● **INSTRUCTIONS FOR THE TASK**: Output, please, exactly those lines of the listing that come before the line with "Deoxycholic Acid Double-Chin", along with that line itself.

● **DATA TO PROCESS**:

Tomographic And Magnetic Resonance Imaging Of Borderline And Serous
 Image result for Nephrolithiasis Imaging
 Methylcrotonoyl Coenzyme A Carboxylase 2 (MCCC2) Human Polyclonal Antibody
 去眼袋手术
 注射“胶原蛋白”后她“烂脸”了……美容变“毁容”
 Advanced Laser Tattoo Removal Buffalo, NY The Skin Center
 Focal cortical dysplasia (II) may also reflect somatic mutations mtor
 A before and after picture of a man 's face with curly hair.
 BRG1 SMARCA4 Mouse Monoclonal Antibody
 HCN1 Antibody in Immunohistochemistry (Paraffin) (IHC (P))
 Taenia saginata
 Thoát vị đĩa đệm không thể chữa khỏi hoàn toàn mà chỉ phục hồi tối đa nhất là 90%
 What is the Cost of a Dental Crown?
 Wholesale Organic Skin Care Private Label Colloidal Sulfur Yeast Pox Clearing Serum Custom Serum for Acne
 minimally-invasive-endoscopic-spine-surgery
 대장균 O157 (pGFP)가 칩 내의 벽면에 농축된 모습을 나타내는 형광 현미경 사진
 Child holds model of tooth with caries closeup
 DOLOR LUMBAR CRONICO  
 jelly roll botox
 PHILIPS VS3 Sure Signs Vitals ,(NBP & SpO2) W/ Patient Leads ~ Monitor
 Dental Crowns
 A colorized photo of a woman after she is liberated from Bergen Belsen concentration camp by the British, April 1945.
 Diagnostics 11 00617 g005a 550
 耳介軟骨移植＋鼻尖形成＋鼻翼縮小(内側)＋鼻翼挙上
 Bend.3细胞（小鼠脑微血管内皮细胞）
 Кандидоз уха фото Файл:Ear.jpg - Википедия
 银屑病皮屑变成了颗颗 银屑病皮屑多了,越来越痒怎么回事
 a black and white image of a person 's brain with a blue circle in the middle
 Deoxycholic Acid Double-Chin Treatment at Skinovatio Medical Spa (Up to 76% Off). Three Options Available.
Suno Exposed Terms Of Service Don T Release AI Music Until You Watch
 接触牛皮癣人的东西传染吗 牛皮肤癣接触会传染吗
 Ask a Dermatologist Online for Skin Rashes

● **OUTPUT**:
Tomographic And Magnetic Resonance Imaging Of Borderline And Serous
 Image result for Nephrolithiasis Imaging
 Methylcrotonoyl Coenzyme A Carboxylase 2 (MCCC2) Human Polyclonal Antibody
 去眼袋手术
 注射“胶原蛋白”后她“烂脸”了……美容变“毁容”
 Advanced Laser Tattoo Removal Buffalo, NY The Skin Center
 Focal cortical dysplasia (II) may also reflect somatic mutations mtor
 A before and after picture of a man 's face with curly hair.
 BRG1 SMARCA4 Mouse Monoclonal Antibody
 HCN1 Antibody in Immunohistochemistry (Paraffin) (IHC (P))
 Taenia saginata
 Thoát vị đĩa đệm không thể chữa khỏi hoàn toàn mà chỉ phục hồi tối đa nhất là 90%
 What is the Cost of a Dental Crown?
 Wholesale Organic Skin Care Private Label Colloidal Sulfur Yeast Pox Clearing Serum Custom Serum for Acne
 minimally-invasive-endoscopic-spine-surgery
 대장균 O157 (pGFP)가 칩 내의 벽면에 농축된 모습을 나타내는 형광 현미경 사진
 Child holds model of tooth with caries closeup
 DOLOR LUMBAR CRONICO  
 jelly roll botox
 PHILIPS VS3 Sure Signs Vitals ,(NBP & SpO2) W/ Patient Leads ~ Monitor
 Dental Crowns
 A colorized photo of a woman after she is liberated from Bergen Belsen concentration camp by the British, April 1945.
 Diagnostics 11 00617 g005a 550
 耳介軟骨移植＋鼻尖形成＋鼻翼縮小(内側)＋鼻翼挙上
 Bend.3细胞（小鼠脑微血管内皮细胞）
 Кандидоз уха фото Файл:Ear.jpg - Википедия
 银屑病皮屑变成了颗颗 银屑病皮屑多了,越来越痒怎么回事
 a black and white image of a person 's brain with a blue circle in the middle
 Deoxycholic Acid Double-Chin Treatment at Skinovatio Medical Spa (Up to 76% Off). Three Options Available.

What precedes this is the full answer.